## WHAT IS NEEDED
Print out the data exactly, keeping every image out of it.

## AVAILABLE DATA
****************************************

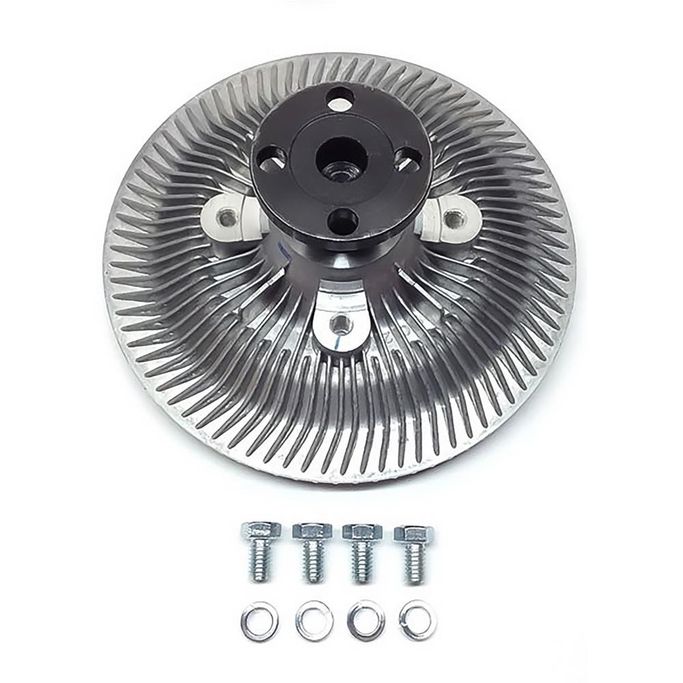 OER-1236786, OER Fan Clutches 1236786 في الإمارات العربية المتحدة, دبي. Condition - new. Price ⁦640 AED⁩. Photo, seller contacts | AUTO.AE
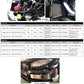 HKS S Type O/C KIT GRB BLK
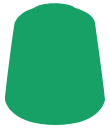 Citadel Colour - Layer - Sybarite Green r9c9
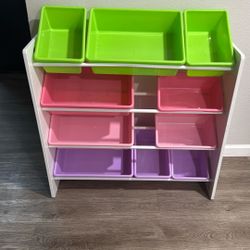 Beautiful Colored Beans,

****************************************

## TASK OUTPUT
 OER-1236786, OER Fan Clutches 1236786 في الإمارات العربية المتحدة, دبي. Condition - new. Price ⁦640 AED⁩. Photo, seller contacts | AUTO.AE
 HKS S Type O/C KIT GRB BLK
 Citadel Colour - Layer - Sybarite Green r9c9
 Beautiful Colored Beans,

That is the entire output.